## What is being asked
The material below contains a line with "-波记美食煲仔饭蒸饭(客村店)" and a line with "Fusion Camping Chair 2". Copy exactly those two lines and all lines between them.

## Data shown
+---+

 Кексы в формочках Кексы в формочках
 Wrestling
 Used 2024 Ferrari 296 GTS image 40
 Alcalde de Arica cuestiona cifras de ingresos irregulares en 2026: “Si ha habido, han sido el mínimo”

+---+

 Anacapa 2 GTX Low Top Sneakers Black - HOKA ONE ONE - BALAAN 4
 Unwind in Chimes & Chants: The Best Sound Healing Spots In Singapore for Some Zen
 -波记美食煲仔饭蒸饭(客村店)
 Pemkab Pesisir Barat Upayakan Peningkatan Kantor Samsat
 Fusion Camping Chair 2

+---+

## Reply to the exercise
 -波记美食煲仔饭蒸饭(客村店)
 Pemkab Pesisir Barat Upayakan Peningkatan Kantor Samsat
 Fusion Camping Chair 2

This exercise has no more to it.